With Harold successfully completing his Year 10 certificate and going on to become a cabinet maker, and the success of Joseph Roe and Philip Albert from Broome in WA’s far north the following year, applications started flooding in from everywhere.
By 1961, Fr John was accepting girls into the school and, as numbers swelled, more land was acquired and buildings constructed. Eventually, the Pallottine Mission Centre in Rossmoyne accommodated 80 Aboriginal boys and girls in six separate houses. He eventually housed 100 students a year. Finance for buildings, equipment, furniture, and vehicles was needed, so Fr John sourced income from the Native Welfare Department, the WA Lotteries’ Commission and the Pallottine Community – mostly from “Misereor”, the overseas development agency of the Catholic Church in Germany.
Soon he had expanded the 10-acre lot to 25 acres, including four major buildings. Much of the land has today been bought out by Southern Cross Homes for aged care, but one building still stands – the one he moved into last year for retired Pallottines.
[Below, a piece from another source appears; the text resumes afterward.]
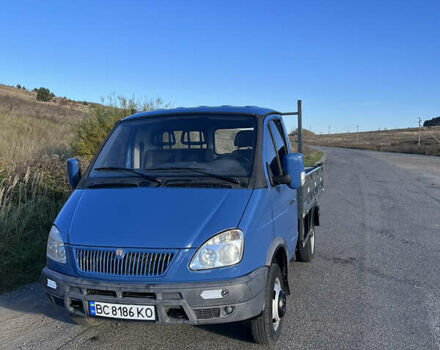 Синій ГАЗ 3202 Газель, об'ємом двигуна 2.5 л та пробігом 154 тис. км за 6700 $, фото 1 на Automoto.ua
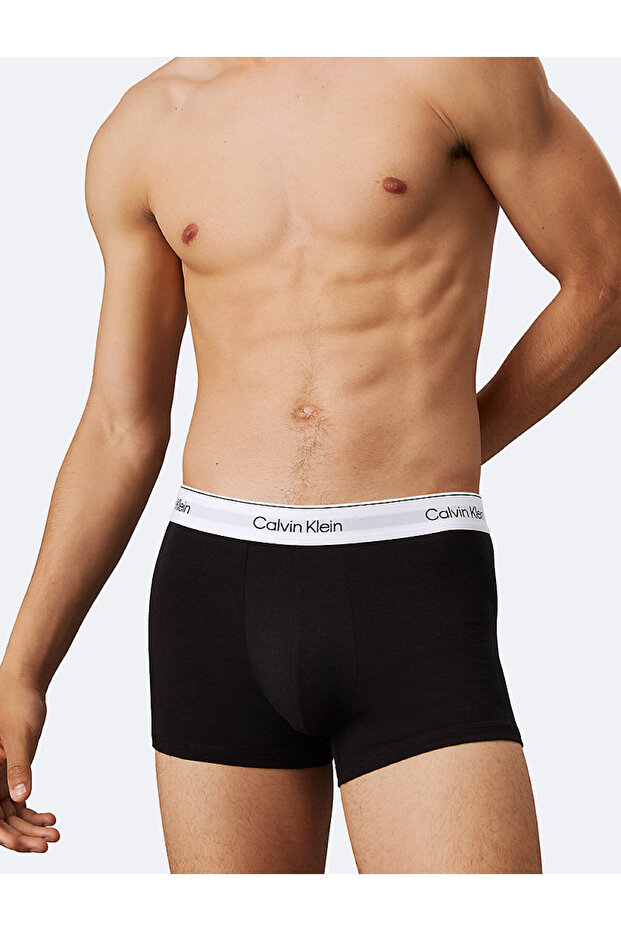 Erkek Siyah 3'lü Paket Boxer - 3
It became a regular Saturday afternoon event for several busloads of students to travel around Perth to watch Harold play for the Demons. They got free entry through a deal with the WAFL.
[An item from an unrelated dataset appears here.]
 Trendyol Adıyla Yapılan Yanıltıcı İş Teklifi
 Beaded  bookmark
On Australia Day this year, 26 January, Fr John was presented with an Active Citizenship Award by the Canning City Council for his extensive service to Aboriginal education and welfare in Rossmoyne, the expansion of primary school education in Riverton and Willetton and his work with the aged in the Riverton parish.
Upon being ordained in 1950, he was sent to Tardun in the remote bush of the Geraldton diocese as a missionary priest, caring for boys at a boarding school and farm. His autobiography Led by the Spirit details his experiences there.
Upon arriving at Rossmoyne, he helped students reach Year 12 and obtain apprenticeships and work experience while allowing them to stay at the Pallottine centre.
There, he had a strong Aboriginal collaborator in Harold’s sister Edith Little, after whom one of the main buildings he built was named. He still speaks highly of her today.
“She was a great help,” he told The Record.
Fr Luemmen, now aged 90, was depicted by Geoffrey Rush – who won an Oscar for his portrayal of genius pianist David Helfgott in 1996 – in the 2010 musical, big-screen adaptation of the stage musical written by Broome’s Jimmy Chi called Bran Nue Dae, which opened around Australia on 14 January.
Though his name was changed to Fr Benedictus in the movie and play, Fr John was invited to attend the premiere of the stage production in Perth in the 1990s.
The movie has Rush using a wooden plank to spank the boys with the words “Thou shalt not steal” on it, and depicts his character as authoritarian.
But Harold Little’s wife Cecelia, who was in the first group of girls to be enrolled at the Rossmoyne mission in 1961, told The Record that while Fr John was strict, he was more a mentor to boys and girls alike, and they are still friends to this day.
Harold and Cecelia still live around the corner from the original Rossmoyne mission.
Fr John was prolific in his productivity as parish priest at Our Lady Queen of Apostles parish in Riverton from 1981, starting a second stream at its adjacent primary school and responsible for building Orana Primary School.
Riverton parishioner Bill Smith, in submitting information for Fr John to be nominated for the Australia Day award, said of Fr John: “As parish priest, he actively promoted the participation of the laity in the parish in accordance with the Second Vatican Council and the objectives of the Pallottine founder, St Vincent Pallotti.”